The ceremony included a reading of the 2010 presidential proclamation on Veterans Day, a moment of silence and a playing of Taps. Retired Col. Ralph Puckett, a Ranger Hall of Fame inaugural inductee, was the keynote speaker.
“Less than one half of one percent of Americans have volunteered to serve,” Puckett said. “Veterans Day is observed each (year) to honor those who have answered that call to duty.”
Puckett, who later earned two Distinguished Service Crosses, one in Korea and one in Vietnam, said he remembered the first time the reality of war set in — walking home from church with his dad at the age of 5 or 6.
“I saw a man on crutches — one leg, the first amputee I’d ever seen,” he said. “He held a handful of red paper flowers gave one to my dad, and my dad gave him some money. After, I asked my dad what was that all about, and he said, ‘That man was a veteran. He served in World War I. He lost his leg in that conflict.’”
“My dad went on to explain that those red paper flowers were in memory of the poppies that grew in Flanders Field in Belgium where so many of the Allied soldiers, American and others, had given their lives.”
Americans live free, Puckett said, because of the millions of service members who have and are deployed in the cause of liberty.
George Ward, a veteran of the China-Burma-India theater of World War II and honorary member of the 75th Ranger Regiment, said he regularly attends Veterans Day ceremonies.
“I think it’s important to remember everything. Everybody had a part in it. We didn’t have (any) deadbeats,” said the veteran, who was drafted into the Army in 1944. “And Soldiers today — they’re magnificent. We’re safe because of the military personnel, the sacrifices they’ve made in all wars.”Command Sgt. Maj Jeffery Stitzell, battalion sergeant major for 1st Battalion, 19th Infantry Regiment, has deployed twice to Iraq and once to Afghanistan. In his experience, Stitzell said he has seen Americans give Veterans Day its due.

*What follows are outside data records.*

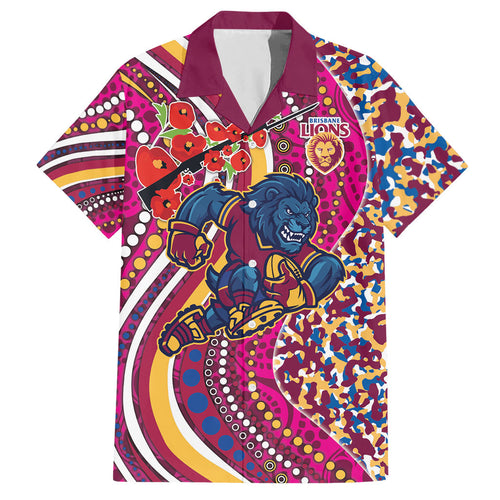 Brisbane Lions ANZAC Day Hawaiian Shirt Indigenous Poppy Remembrance Lion Warrior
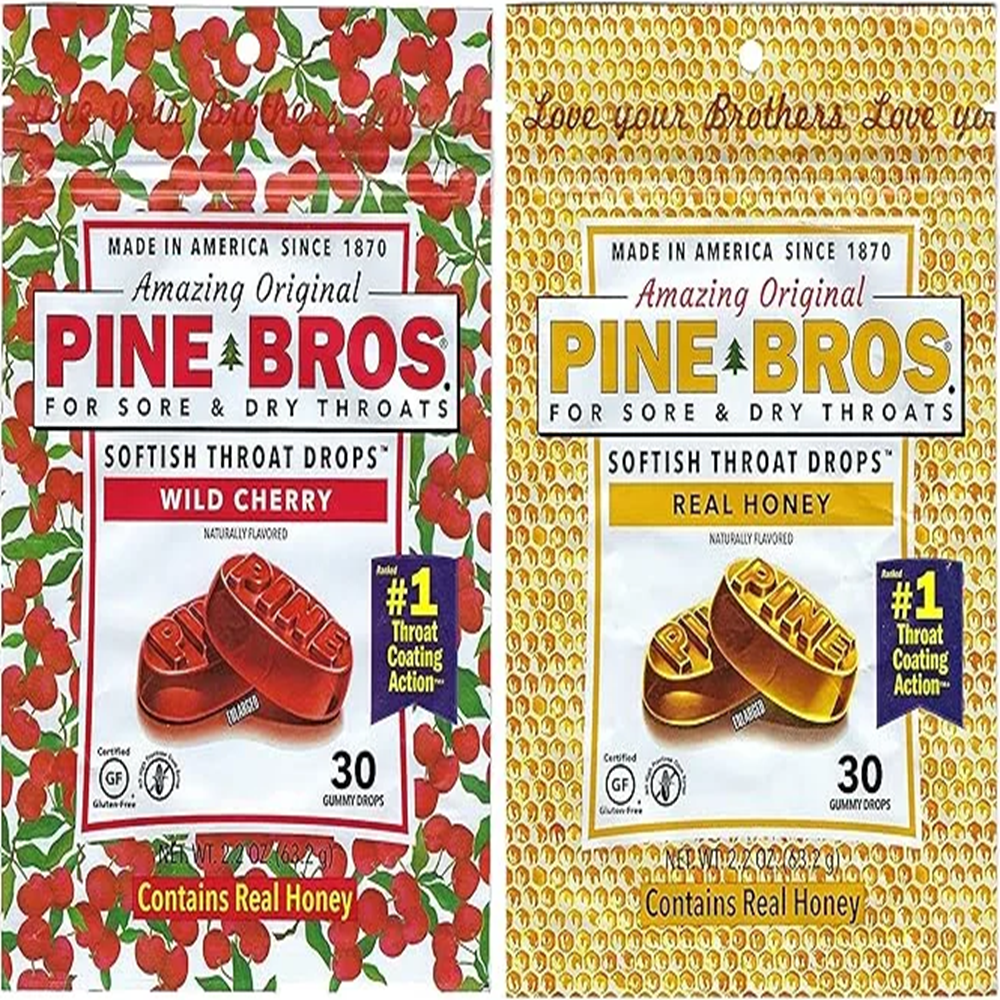 Pine Bros Throat Drops, Honey & Wild Cherry Flavor, Soft Lozenges, 12 Count
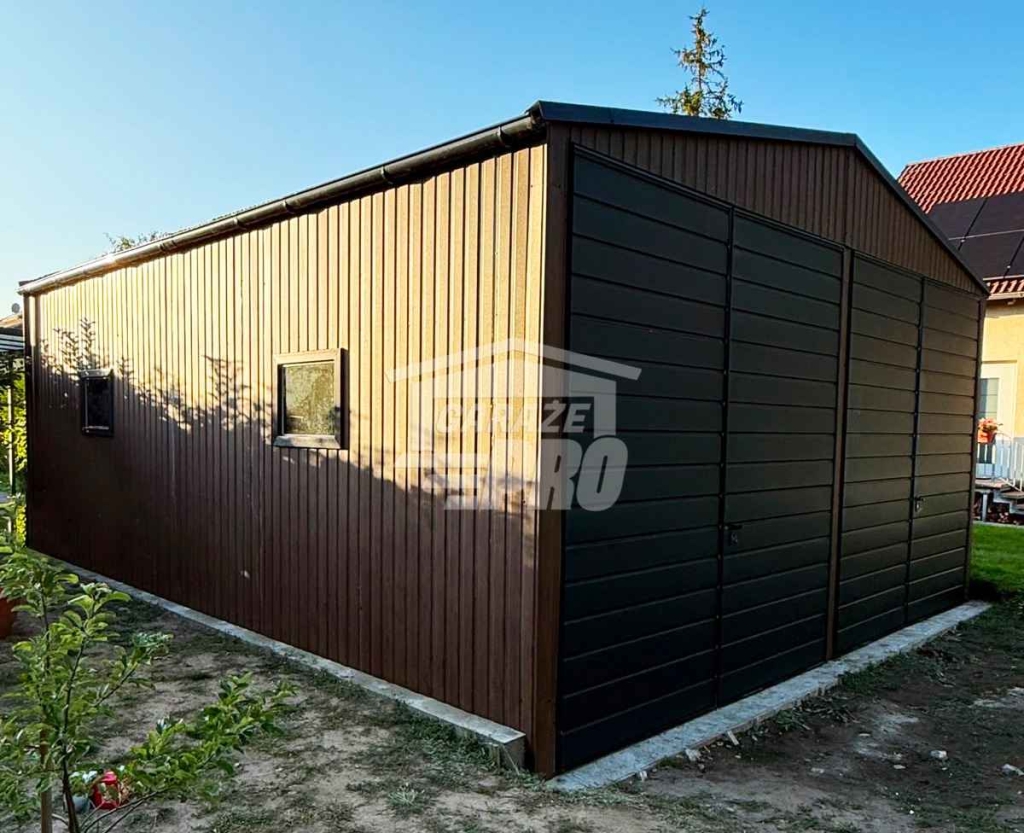 Garaż blaszany 6x8 m - 2x brama - 2x okno dach rynny GP771 Września - zdjęcie 2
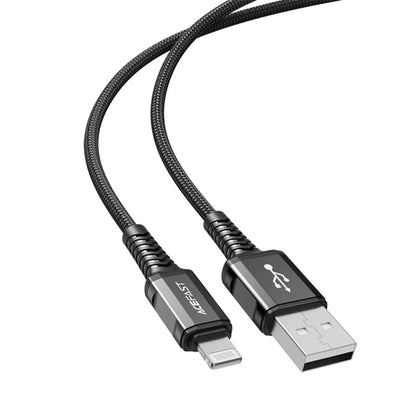 USB-A to Lightning Data and Charging Cable Acefast C1-02, 18W, 1.2m, Black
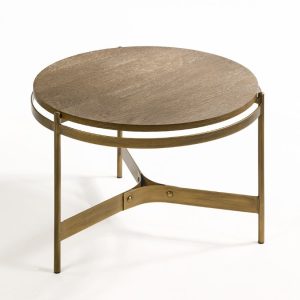 Mesa Auxiliar Redonda de Roble con Estructura de Metal Bronce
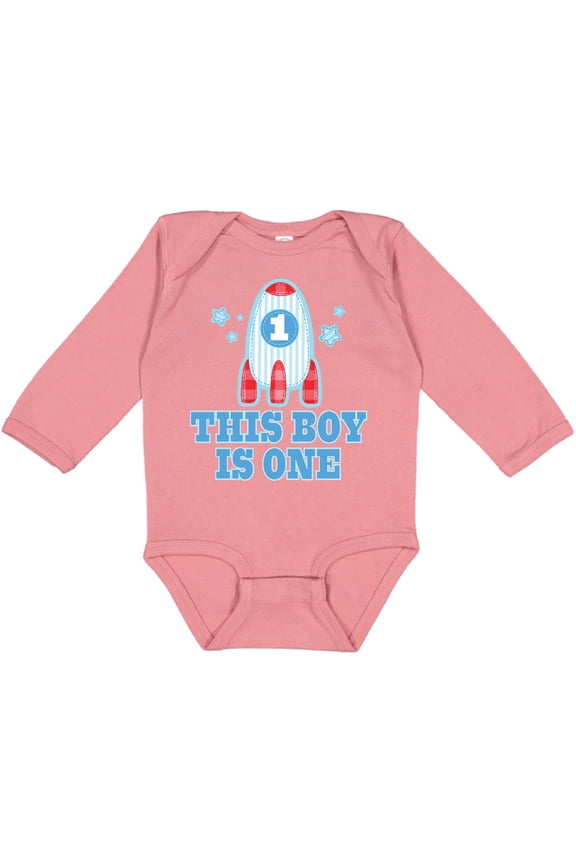 1st Birthday Boy Rocket Ship Boys Long Sleeve Baby Bodysuit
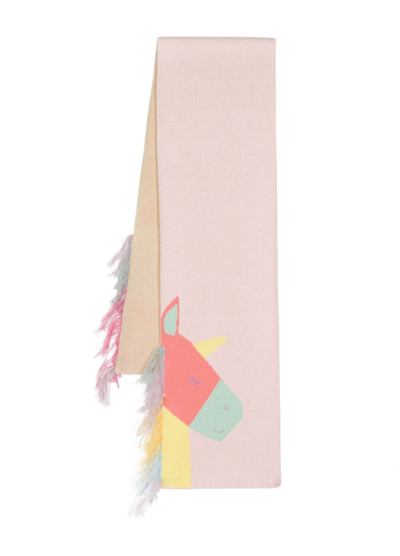 Shop Stella Mccartney Graphic-print Knitted Scarf In Pink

“My two days that mean something to me are Veterans Day and Memorial Day,” he said. “You can’t forget it. We’ve had millions die — that’s why we’re free. We’ve had millions wounded — that’s why we’re free. It’s for those with (us) and those that have come before.”
Stitzell said Veterans Day is about more than just veterans: it’s also about those who support veterans, such as family and service members who haven’t yet deployed.
“Working on Sand Hill, it’s the future, too, the privates we’re training,” he said. “They are the future of America.”
“We live free because thousands of young men and women are deployed in more than 100 places throughout the world,” Puckett said. “How fortunate we are. They are our veterans of tomorrow. We owe them everything.”